There were many critics of the Pennsylvania system, one noteworthy critic being Charles Dickens who recounts his 1842 visit to Eastern State Penitentiary in his travel journal, American Notes for General Circulation. The chapter titled “Philadelphia and the Solitary Prison reads:
“In its intention I am well convinced that it is kind, humane, and meant for reformation; but I am persuaded that those who designed this system of Prison Discipline, and those benevolent gentleman who carry it into execution, do not know what it is that they are doing….I hold this slow and daily tampering with the mysteries of the brain to be immeasurably worse than any torture of the body; and because its ghastly signs and tokens are not so palpable to the eye,… and it extorts few cries that human ears can hear; therefore I the more denounce it, as a secret punishment in which slumbering humanity is not roused up to stay.”

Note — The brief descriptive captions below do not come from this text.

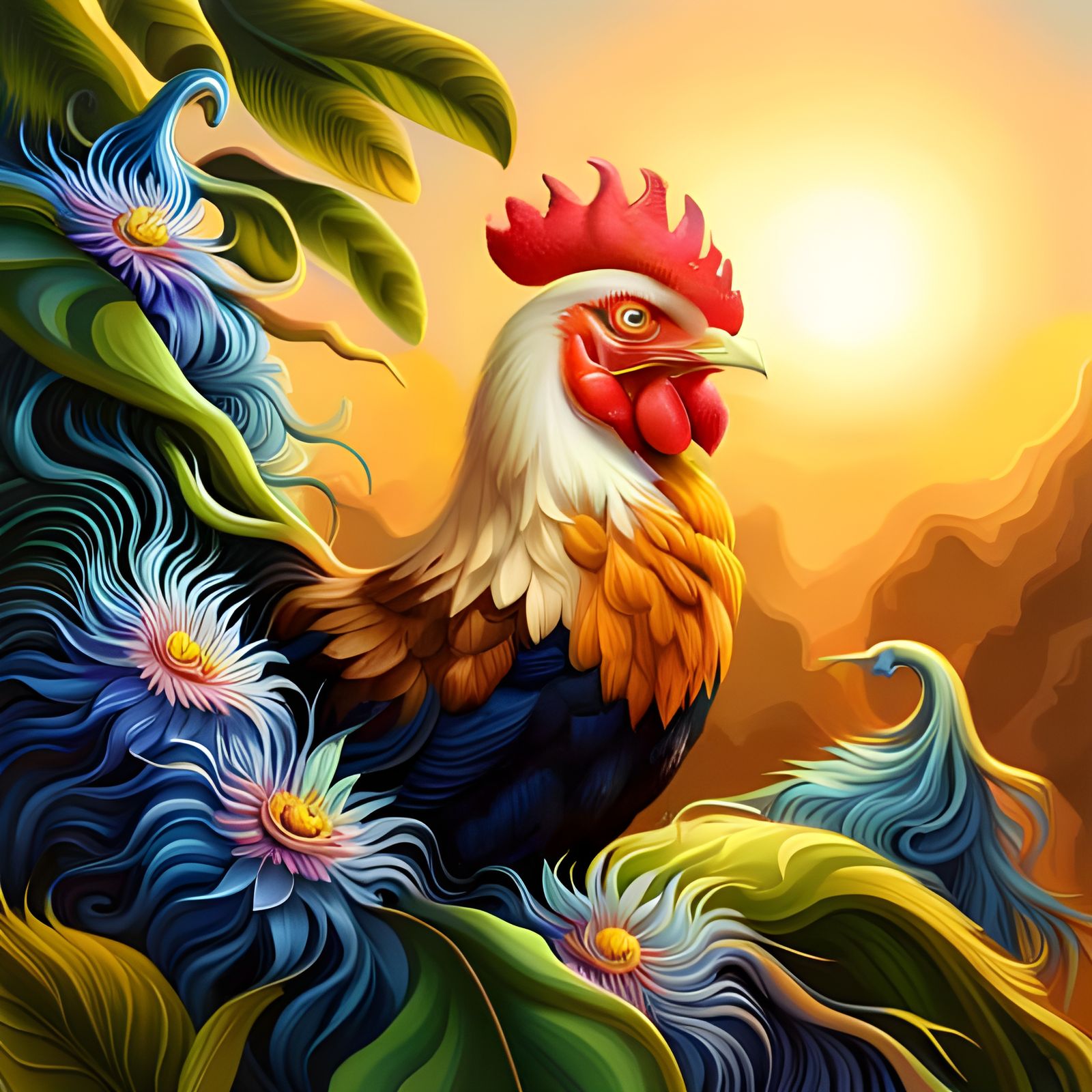 Rooster amidst passion flowers!  by @Menno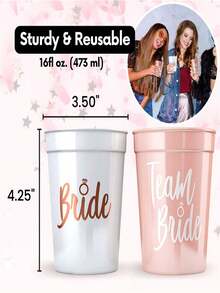 11Pcs Bachelorette Party Cups - Bride Cup & Bridesmaid Cups Bachelorette Party Decorations - Reusable Bachelorette Cups For The Bride Tribe - Bachelorette Party Favors For Bridesmaid Gifts, 16 Oz - Multicolor - View 10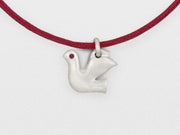 Dove Charm Bracelet in Sterling Silver with Pink Sapphires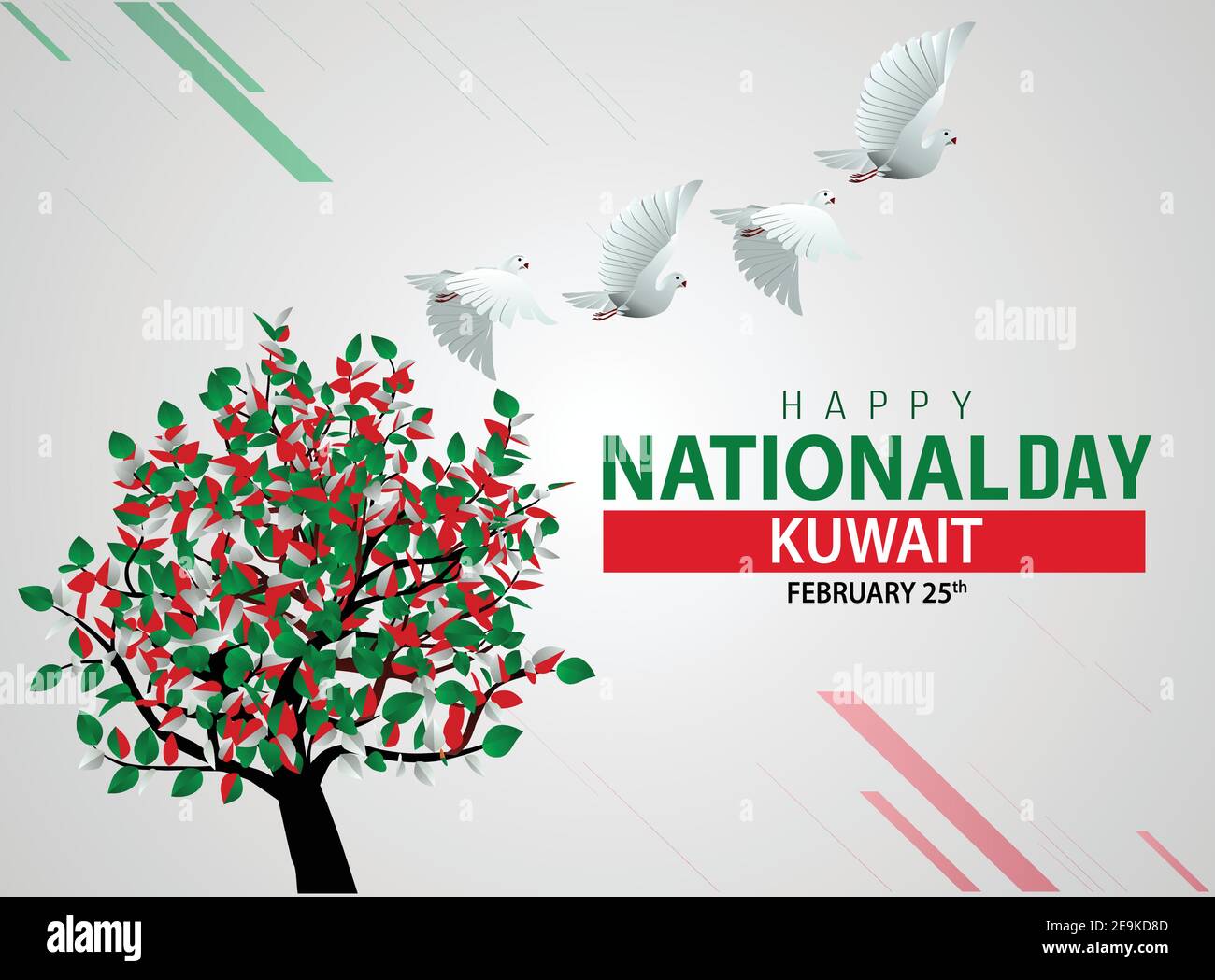 happy national day Kuwait pigeon flying with colorful Kuwait flag tree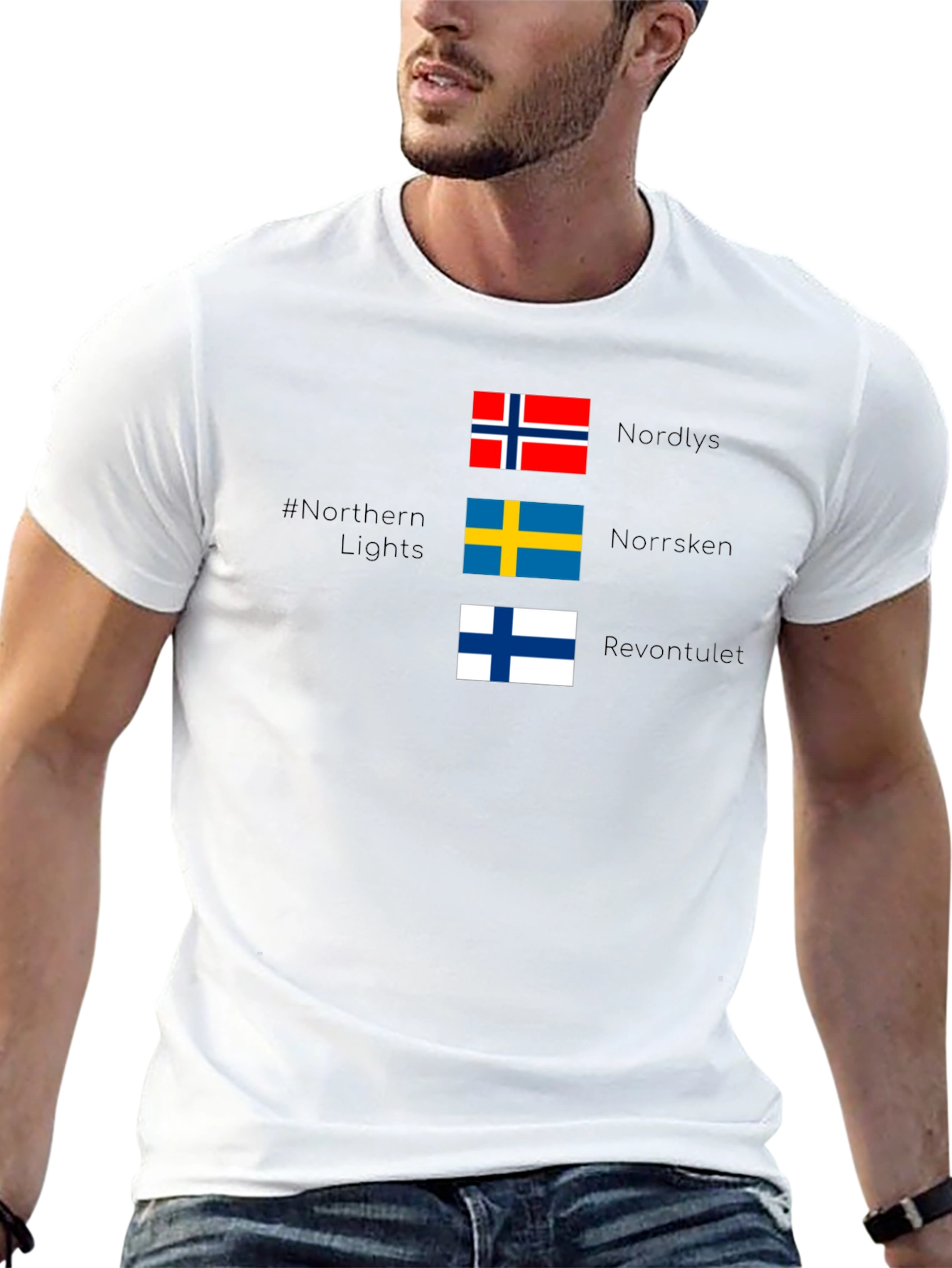 Northern Lights Nordic Flags T-Shirt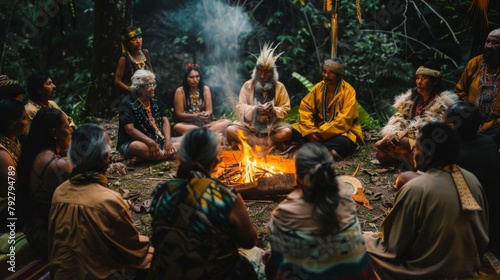 Shaman in the ceremony, participants sit in a circle around the sacred fire or ceremonial altar
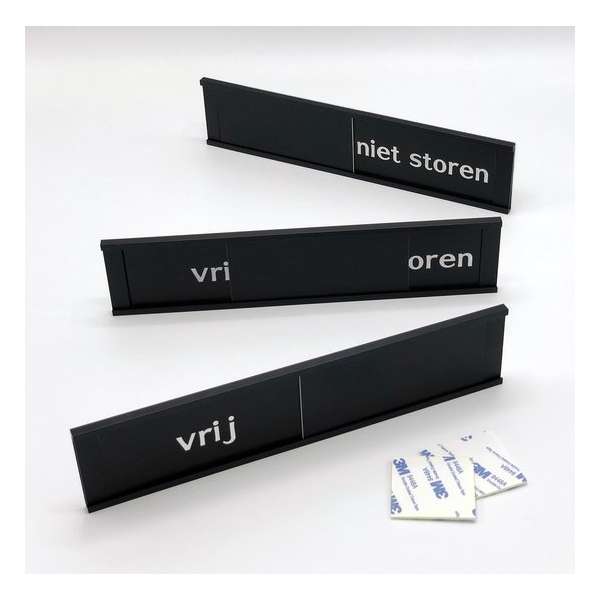 Schuifbordje Vrij - Niet storen - 255 mm x 57 mm - Bevestiging twee 3M dubbelzijdige stickers - Promessa-Design. Schuifbordje Vrij - Niet storen - 255 mm x 57 mm - Bevestiging twee 3M dubbelzijdige stickers - Promessa-Design.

Eastern State officially abandoned the solitary confinement system in 1913 due to overcrowding and operated as a congregate prison until its closure in 1970, although it briefly housed inmates in 1971 after a riot at Holmesburg Prison. The City of Philadelphia purchased the property with the intention of redeveloping it. The site had several proposals, including a mall and a luxury apartment complex surrounded by the old prison walls. During this time, a forest grew within the prison walls and cell blocks. In 1988, the Eastern State Penitentiary Task Force successfully petitioned Mayor Wilson Goode to halt redevelopment. In 1994, Eastern State opened to the public for historic tours. Today, it operates as a museum and historic site and is open year-round. It was listed on the National Register of Historic Places on October 15, 1966, and was designated a U.S. National Historic Landmark on June 23, 1965.